- **Your goal**:
Begin with the first line below and retype each line exactly through the line containing "Mixed Print Cotton". Any pictures are to be left out.

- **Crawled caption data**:
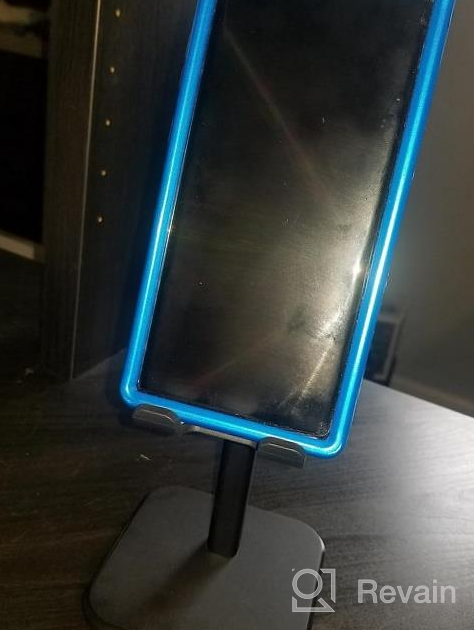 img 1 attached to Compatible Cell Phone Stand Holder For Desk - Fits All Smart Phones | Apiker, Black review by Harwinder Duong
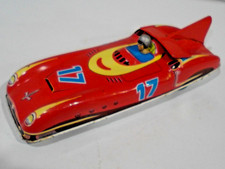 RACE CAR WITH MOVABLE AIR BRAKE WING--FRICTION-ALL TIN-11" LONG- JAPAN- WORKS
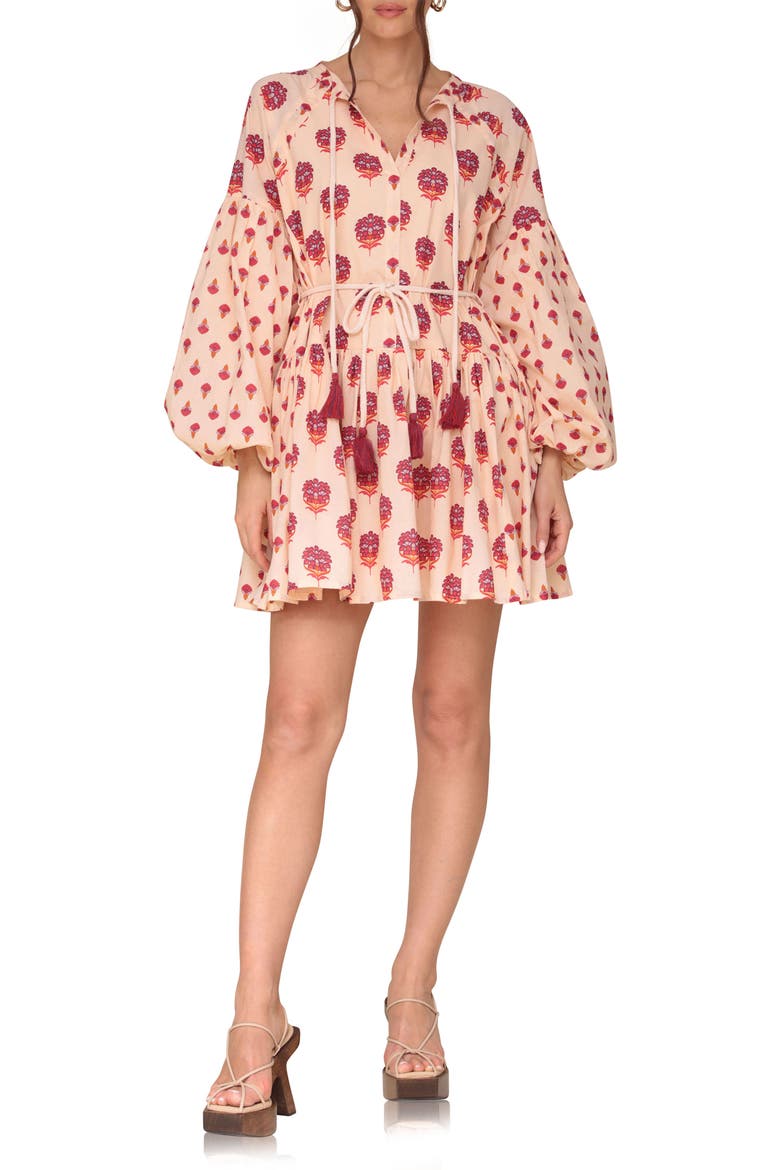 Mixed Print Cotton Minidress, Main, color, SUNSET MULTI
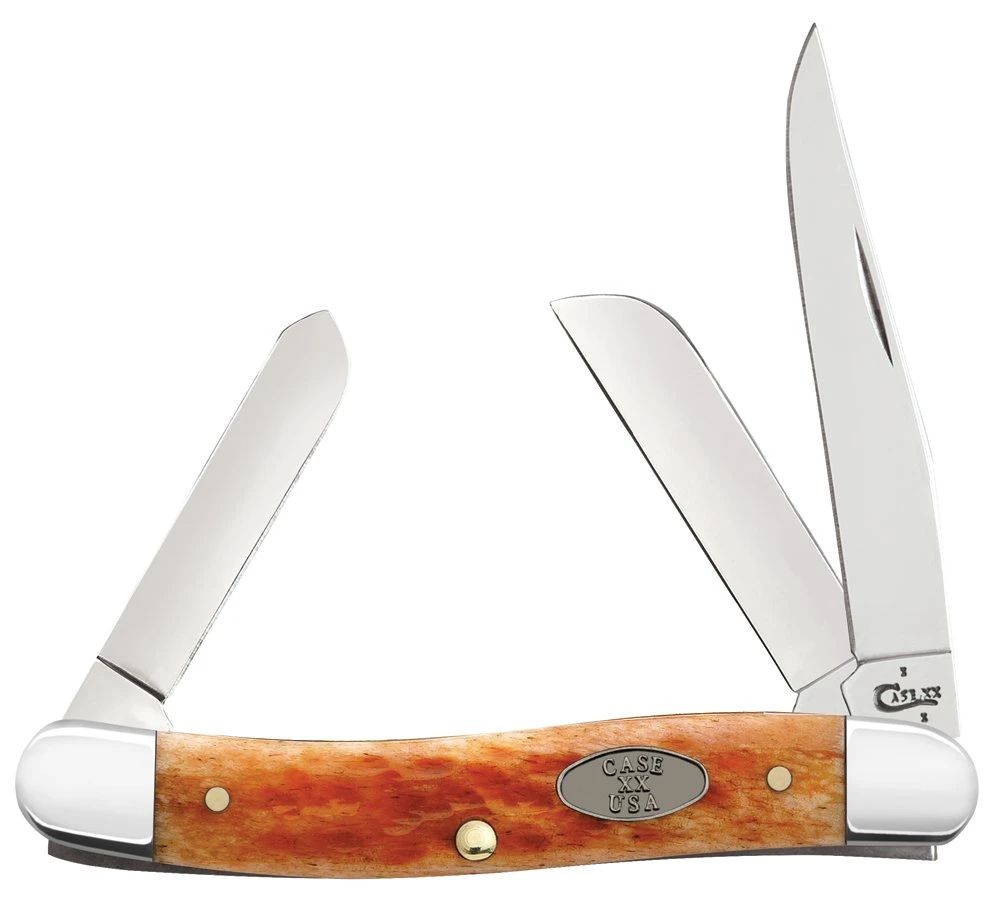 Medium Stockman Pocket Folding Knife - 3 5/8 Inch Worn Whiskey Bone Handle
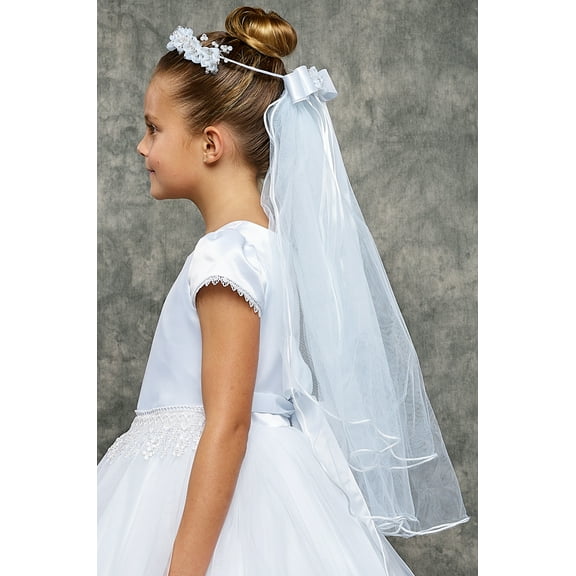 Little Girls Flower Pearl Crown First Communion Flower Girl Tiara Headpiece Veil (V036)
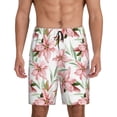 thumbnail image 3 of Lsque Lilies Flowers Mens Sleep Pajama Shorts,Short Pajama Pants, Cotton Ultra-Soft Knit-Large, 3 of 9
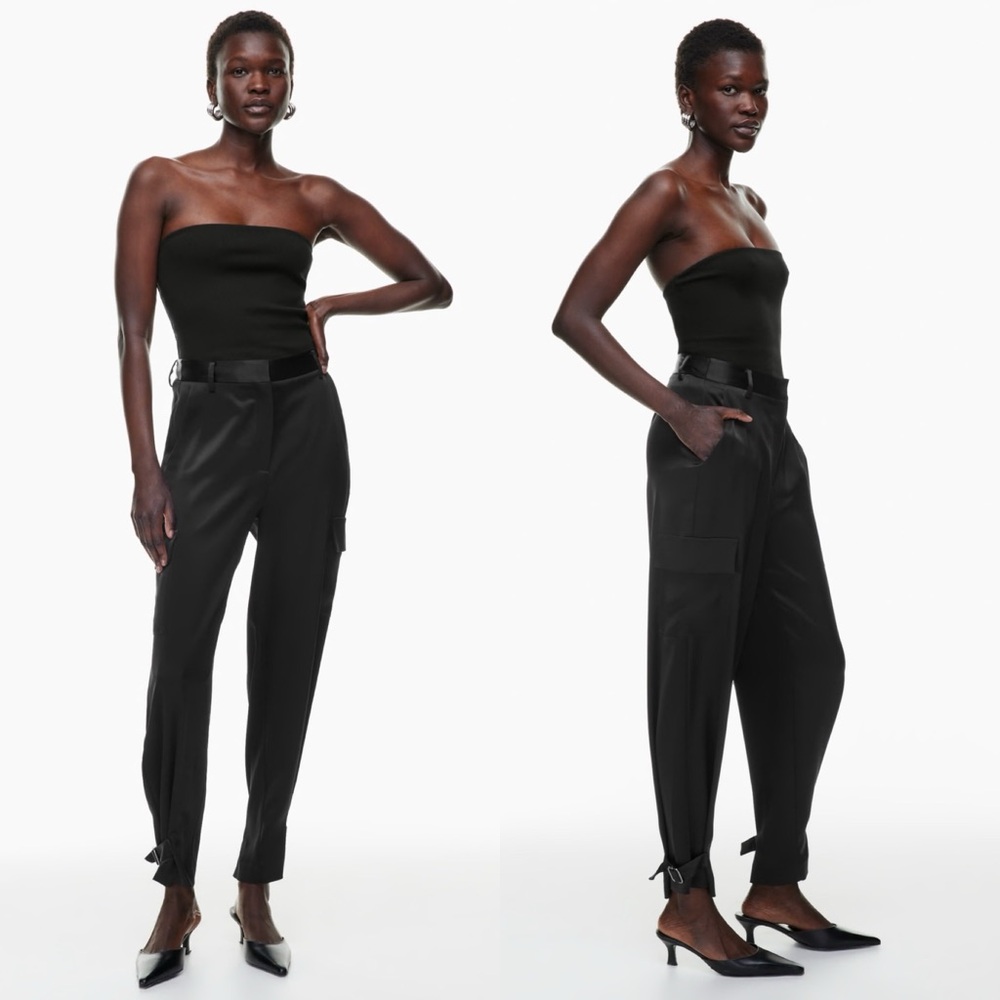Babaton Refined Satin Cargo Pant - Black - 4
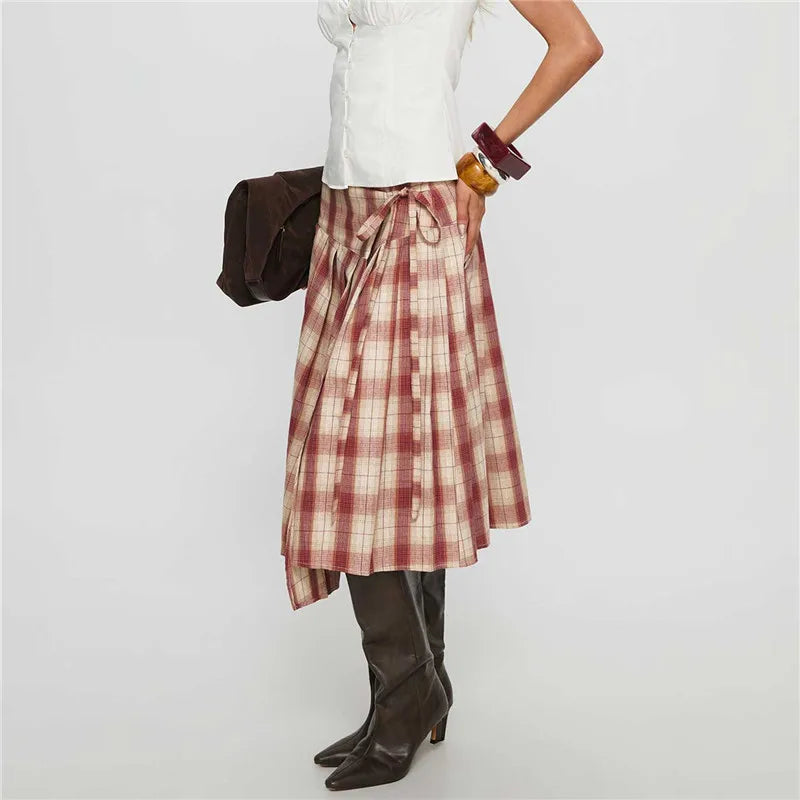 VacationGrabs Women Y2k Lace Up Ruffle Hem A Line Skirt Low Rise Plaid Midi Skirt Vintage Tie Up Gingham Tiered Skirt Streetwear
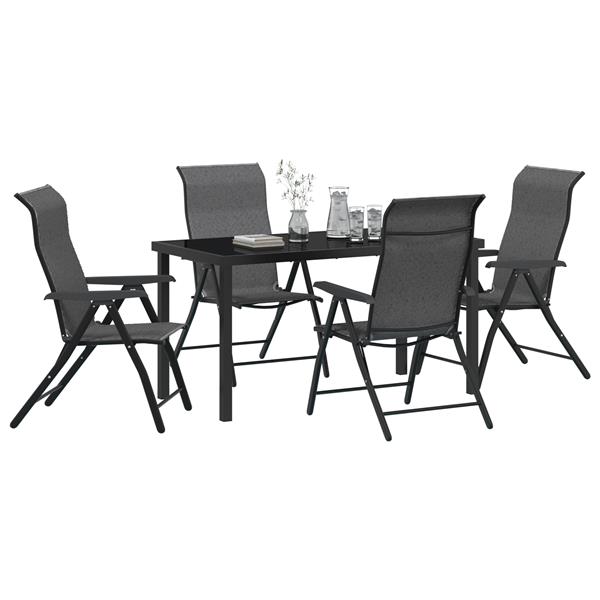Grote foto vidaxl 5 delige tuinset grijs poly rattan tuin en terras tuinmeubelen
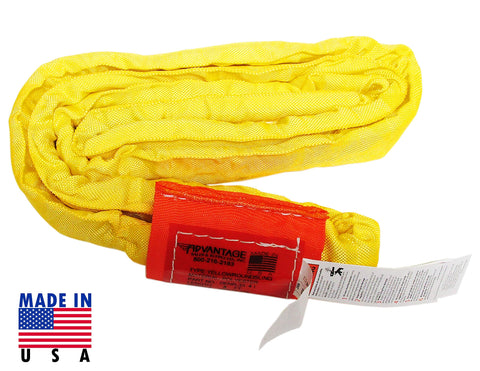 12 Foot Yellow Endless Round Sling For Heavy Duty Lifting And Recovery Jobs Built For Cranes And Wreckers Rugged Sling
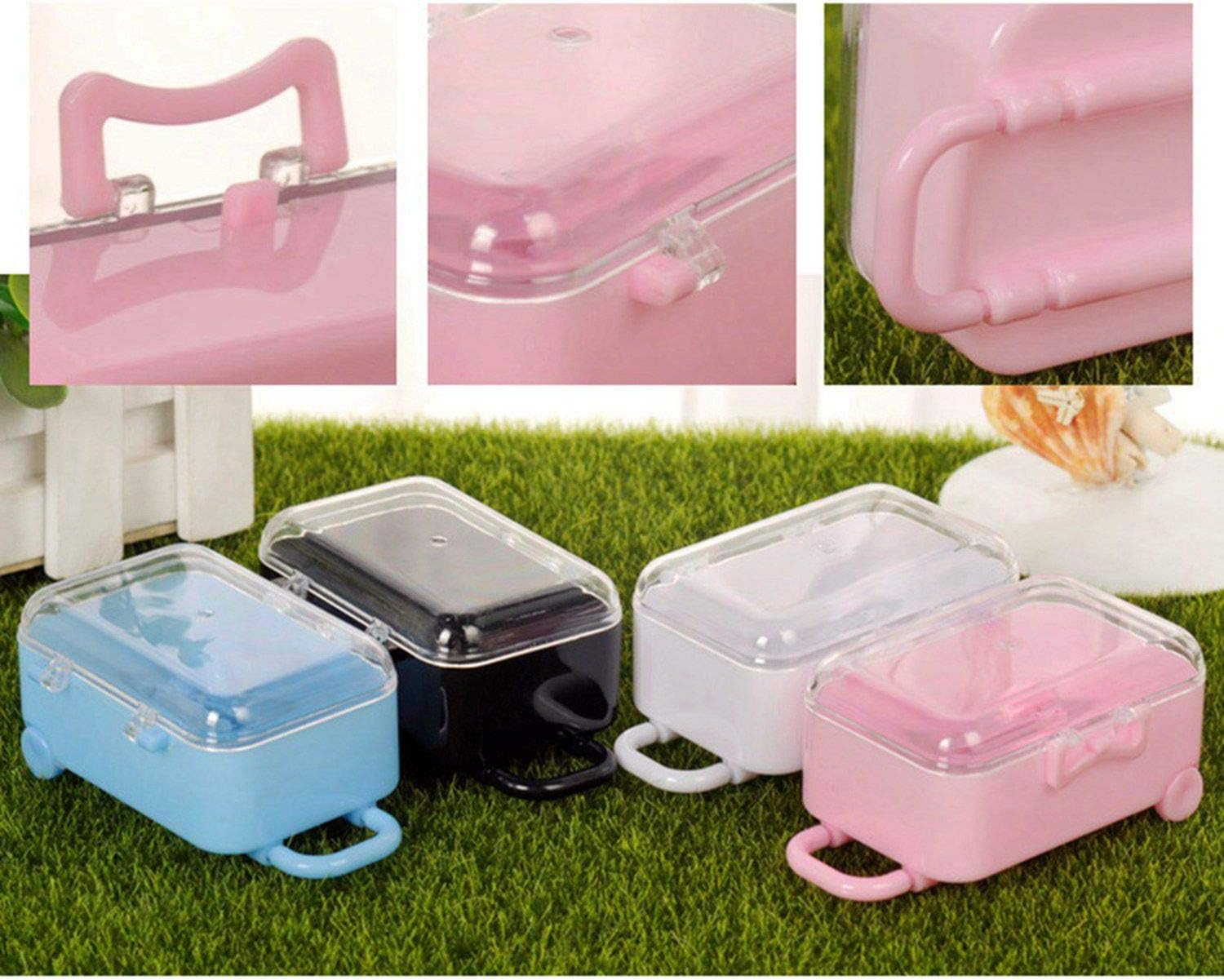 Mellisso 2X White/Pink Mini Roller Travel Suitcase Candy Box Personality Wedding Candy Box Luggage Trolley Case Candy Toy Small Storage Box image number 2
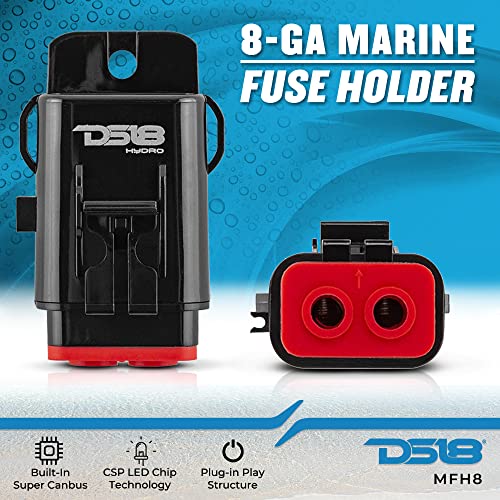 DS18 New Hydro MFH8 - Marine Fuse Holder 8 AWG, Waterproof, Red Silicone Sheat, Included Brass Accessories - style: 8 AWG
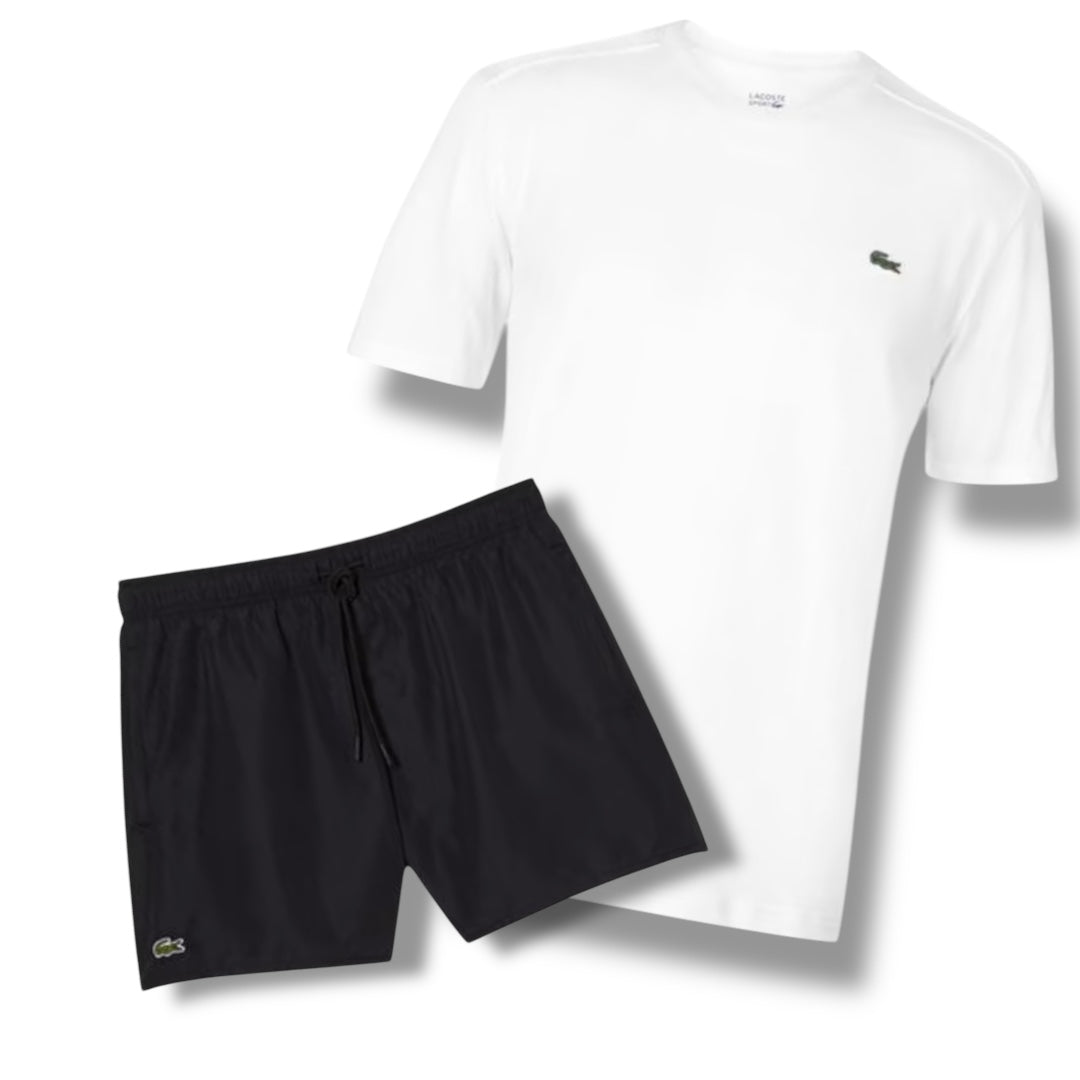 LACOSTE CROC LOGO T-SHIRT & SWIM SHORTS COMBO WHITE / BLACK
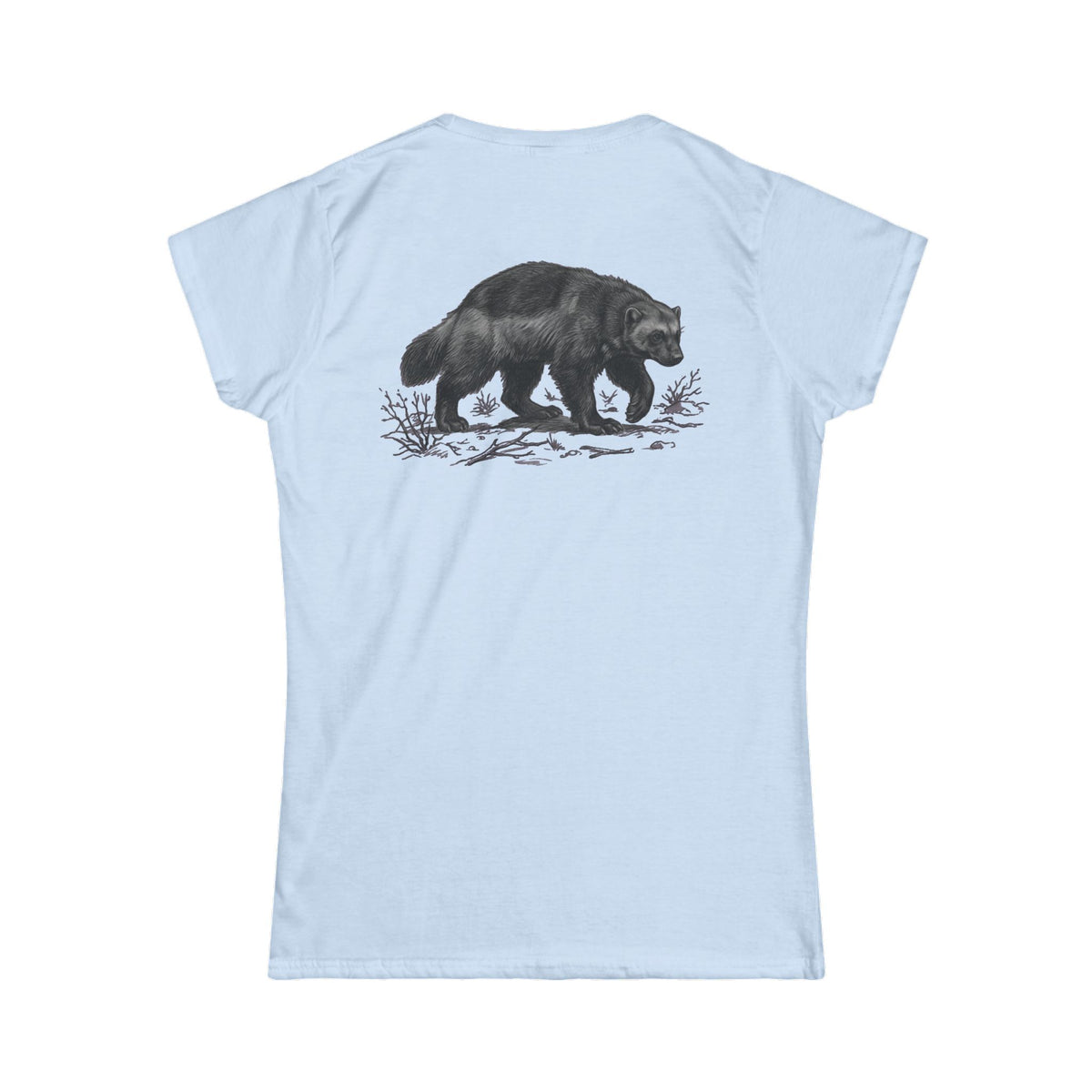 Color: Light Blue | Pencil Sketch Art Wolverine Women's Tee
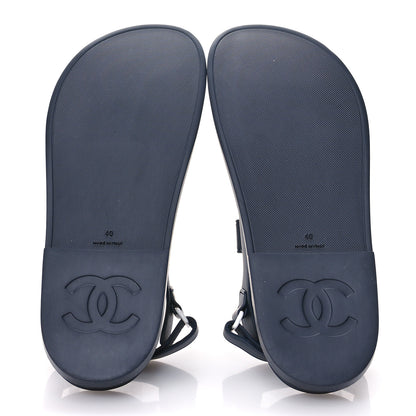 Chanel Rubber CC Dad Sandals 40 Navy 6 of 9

- **Output of the exercise**:
 img 1 attached to Compatible Cell Phone Stand Holder For Desk - Fits All Smart Phones | Apiker, Black review by Harwinder Duong
 RACE CAR WITH MOVABLE AIR BRAKE WING--FRICTION-ALL TIN-11" LONG- JAPAN- WORKS
 Mixed Print Cotton Minidress, Main, color, SUNSET MULTI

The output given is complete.